Hi Jon,
In this instance you are actually fitting 3 group-level random effects; 1
in the random part of the model, one in residual part of the model and one
in the argument to mev.
The random effects and the residual effects are confounded and are not
identifiable in the likelihood. You would be better just fitting the model:
m <- MCMCglmm::MCMCglmm(outcome ~ 1, rcov=~group, mev=dat$obsVar,data=dat,
prior=list(R=list(V=1, nu=0)))
it is virtually the same as your original model (since the residual
variance was set close to zero) but it will iterate faster and mix better.
In this model you estimate the between-observation (in your case
between-group) variance after accounting for the sampling variance. There
are two additional, equivalent, ways of writing this model:
m.a <- MCMCglmm::MCMCglmm(outcome ~ 1, random=~us(sqrt(obsVar)):group,
rcov=~group,data=dat, prior=list(R=list(V=1, nu=0), G=list(G1=list(V=1,
fix=1))))
and
Cinv_sparse<-as(diag(1/dat$obsVar), "dgCMatrix")
rownames(Cinv_sparse)<-dat$group
m.b <- MCMCglmm::MCMCglmm(outcome ~ 1, random=~group, rcov=~group,data=dat,
ginverse=list(group=Cinv_sparse), prior=list(R=list(V=1, nu=0), G=list(G1=list(V=1,
fix=1))))
It is this latter equivalence that I suggested you exploit in the
bivariate case. Lets say there are now two rows per group (one for spend
and one for performance) and you have a column in the data-frame indicating
response type (lets call it sORp)
I don't know how your 2x2 sampling covariance matrices for each group are
stored, but lets say they are in list form. As an example, with two groups:
C<-list(S1=matrix(c(1,0.5, 0.5,1),2,2), S2=matrix(c(2,0, 0,1),2,2))
Cinv_sparse<-as(list2bdiag(lapply(C,solve)), "dgCMatrix")
Assuming the data are sorted response type with group (i.e. in the same
order as C) then you can fit
dat$observation<-1:nrow(dat)
rownames(Cinv_sparse)<-1:nrow(dat)
m.biv <- MCMCglmm::MCMCglmm(outcome ~ sORp-1, random=~observation,
rcov=~us(sORp):group,data=dat, ginverse=list(observation=Cinv_sparse),
prior=list(R=list(V=diag(2), nu=0), G=list(G1=list(V=1, fix=1))))
The rcov term models between-observation (ie. between group) (co)variation
not due to sampling error. These variances could be zero, but you would
have to have a pretty effective way of randomising the original
(unsummarised) observations between groups.
Cheers,
Jarrod
On 20/10/2016 20:31, Jon Bischof wrote:
Hi Jarrod,
You are making an excellent point, but I am working in a big data setting
where only group aggregates, not individual outcomes, will fit in memory.
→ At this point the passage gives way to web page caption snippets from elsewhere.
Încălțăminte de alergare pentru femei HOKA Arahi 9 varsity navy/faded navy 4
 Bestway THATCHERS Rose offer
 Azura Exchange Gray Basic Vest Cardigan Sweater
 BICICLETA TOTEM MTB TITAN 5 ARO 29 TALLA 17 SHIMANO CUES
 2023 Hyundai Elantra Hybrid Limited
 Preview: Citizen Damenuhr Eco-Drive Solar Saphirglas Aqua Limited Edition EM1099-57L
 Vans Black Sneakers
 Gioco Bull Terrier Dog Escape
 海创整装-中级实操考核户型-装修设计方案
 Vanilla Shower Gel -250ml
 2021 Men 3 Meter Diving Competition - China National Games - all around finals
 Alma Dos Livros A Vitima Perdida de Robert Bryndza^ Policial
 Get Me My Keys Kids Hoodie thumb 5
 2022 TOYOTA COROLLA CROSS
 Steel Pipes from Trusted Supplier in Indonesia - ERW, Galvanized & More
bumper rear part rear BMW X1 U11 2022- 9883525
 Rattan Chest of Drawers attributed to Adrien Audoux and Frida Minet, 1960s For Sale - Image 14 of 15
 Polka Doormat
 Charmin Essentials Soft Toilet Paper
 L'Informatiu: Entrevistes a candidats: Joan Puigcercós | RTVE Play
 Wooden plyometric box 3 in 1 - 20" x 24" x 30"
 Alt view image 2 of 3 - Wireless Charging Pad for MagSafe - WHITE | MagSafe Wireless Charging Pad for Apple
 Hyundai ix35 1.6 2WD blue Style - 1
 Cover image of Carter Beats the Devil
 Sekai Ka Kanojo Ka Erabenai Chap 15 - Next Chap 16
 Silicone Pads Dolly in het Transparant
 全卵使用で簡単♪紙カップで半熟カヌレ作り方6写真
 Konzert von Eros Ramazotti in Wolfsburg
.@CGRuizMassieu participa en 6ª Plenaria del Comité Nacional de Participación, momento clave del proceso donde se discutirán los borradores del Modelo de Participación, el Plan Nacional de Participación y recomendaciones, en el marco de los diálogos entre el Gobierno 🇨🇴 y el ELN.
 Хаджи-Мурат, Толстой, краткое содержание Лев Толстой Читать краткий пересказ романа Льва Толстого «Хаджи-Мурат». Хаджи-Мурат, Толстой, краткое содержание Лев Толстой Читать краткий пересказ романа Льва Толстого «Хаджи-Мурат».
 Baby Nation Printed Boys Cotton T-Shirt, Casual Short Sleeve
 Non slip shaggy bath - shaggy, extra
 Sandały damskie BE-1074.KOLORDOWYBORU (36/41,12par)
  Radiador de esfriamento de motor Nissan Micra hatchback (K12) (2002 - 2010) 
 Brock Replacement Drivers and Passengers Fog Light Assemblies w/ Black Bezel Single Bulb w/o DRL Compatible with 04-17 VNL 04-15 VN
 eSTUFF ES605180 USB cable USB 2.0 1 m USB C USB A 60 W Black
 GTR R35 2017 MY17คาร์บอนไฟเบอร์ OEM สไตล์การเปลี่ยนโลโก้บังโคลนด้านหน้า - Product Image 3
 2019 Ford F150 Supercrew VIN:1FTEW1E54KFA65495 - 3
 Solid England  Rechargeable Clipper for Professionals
In brief: this model estimates the log ratio of advertiser spend and
performance between a control and experiment condition. These two outcomes
are measured at a click level, but we have far too many clicks to store
individually in memory. Instead we want to fit a model to advertiser
sufficient statistics, which are the log ratio mean and within variance.
For either of these outcomes individually, I was able to fit the following
model and recover the true hyperparameters from fake data:
# Prior distribution for model
kMCMCglmmPrior <- list(R=list(fix=1, V=1e-6), G=list(G1=list(V=1e-1,
nu=-2)))
# dat: A data.frame with columns 'group', 'outcome', and 'obsVar'
m <- MCMCglmm::MCMCglmm(outcome ~ 1, random=~group, mev=dat$obsVar,
data=dat, prior=kMCMCglmmPrior)
However, for many GLMM implementations (including LMER), the within and
between variance are not separately identifiable when aggregate data are
provided. This is not true statistically, but the aggregate likelihood
requires special handling and cannot be fit from a program that expects one
row for each y_ij.
Can MCMCglmm fit my one-dimensional model when R is not fixed and there is
only one row per group?
Thanks!
Jon
On Thu, Oct 20, 2016 at 11:29 AM, Jarrod Hadfield <j.hadfield at ed.ac.uk>
wrote:
Hi Jon,
MCMCglmm fits random-effect meta-analysis (I think this is what it is
caused) which assumes that even after correcting for sampling errors there
will be some 'real' between-observation variance (and in your case
covariance). I'm not sure what you are modelling, but at least in the types
of data I work with I can't really believe there isn't some 'real'
between-observation variance.
Cheers,
Jarrod
On 20/10/2016 19:09, Jon Bischof wrote:
Jarrod,
Thanks for your detailed response! Your understanding of my model is
correct: it's just a single grouping metaanalysis in two dimensions:
(y_i,1, y_i,2) ~ Normal ( (theta_i,1, theta_i,2), V_i )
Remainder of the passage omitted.